**Task prompt**
Copy task, pictures excluded: set down exactly the lines from the one containing "CHASECULT(チェイス" to the end of the data below.

**Data provided**
━━━━━━━━━━━━━━━━━━━━

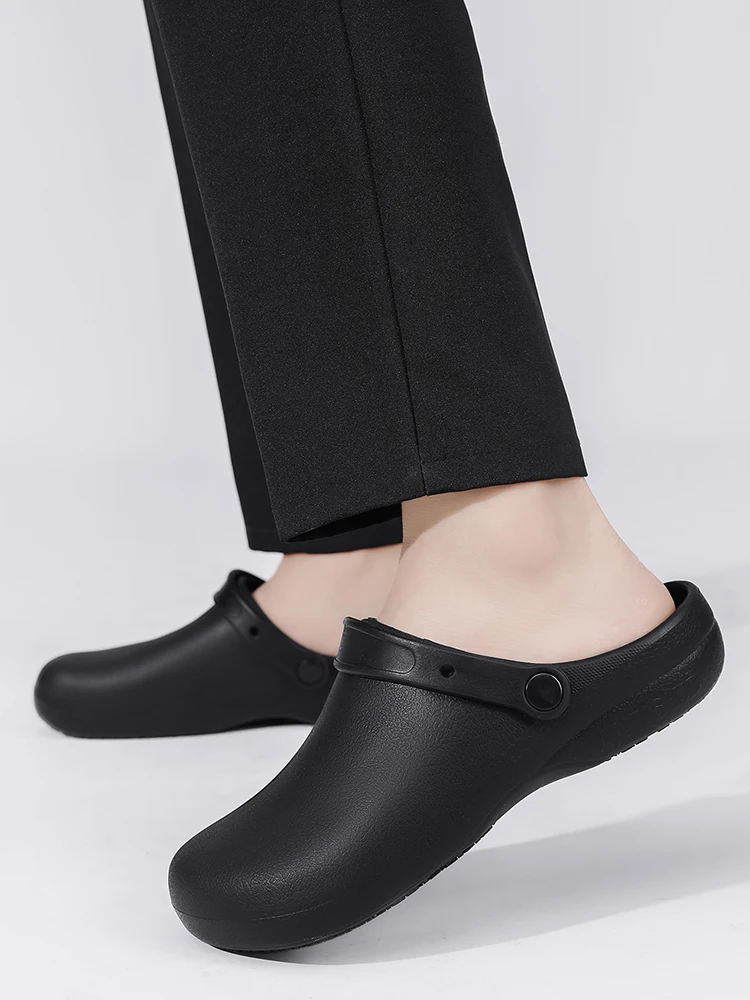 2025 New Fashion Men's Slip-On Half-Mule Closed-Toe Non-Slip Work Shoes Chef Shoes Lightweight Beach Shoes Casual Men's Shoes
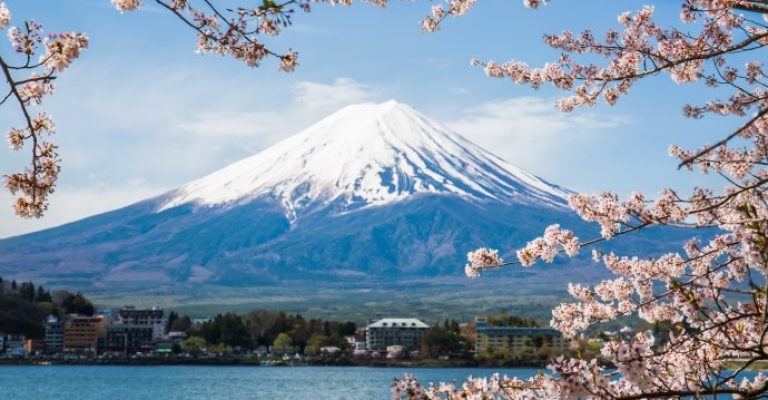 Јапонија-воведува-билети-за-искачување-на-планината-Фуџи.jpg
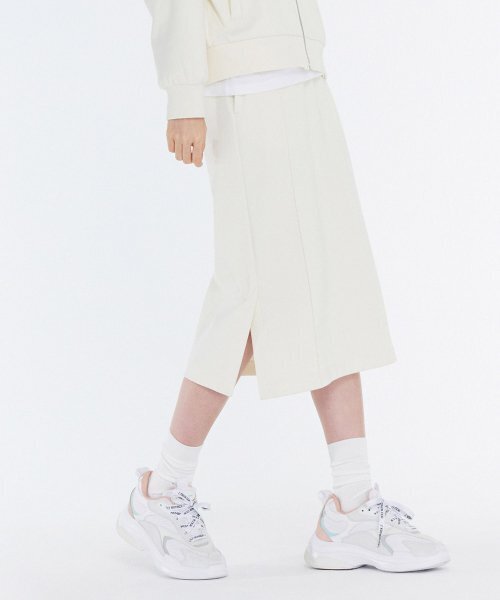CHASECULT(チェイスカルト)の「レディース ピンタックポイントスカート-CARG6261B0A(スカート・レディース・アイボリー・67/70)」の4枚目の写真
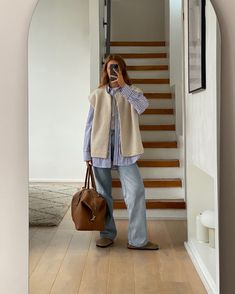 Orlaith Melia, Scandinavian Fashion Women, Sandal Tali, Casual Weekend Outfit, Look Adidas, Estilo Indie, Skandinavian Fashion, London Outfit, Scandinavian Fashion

━━━━━━━━━━━━━━━━━━━━

**Reply to the exercise**
CHASECULT(チェイスカルト)の「レディース ピンタックポイントスカート-CARG6261B0A(スカート・レディース・アイボリー・67/70)」の4枚目の写真
 Orlaith Melia, Scandinavian Fashion Women, Sandal Tali, Casual Weekend Outfit, Look Adidas, Estilo Indie, Skandinavian Fashion, London Outfit, Scandinavian Fashion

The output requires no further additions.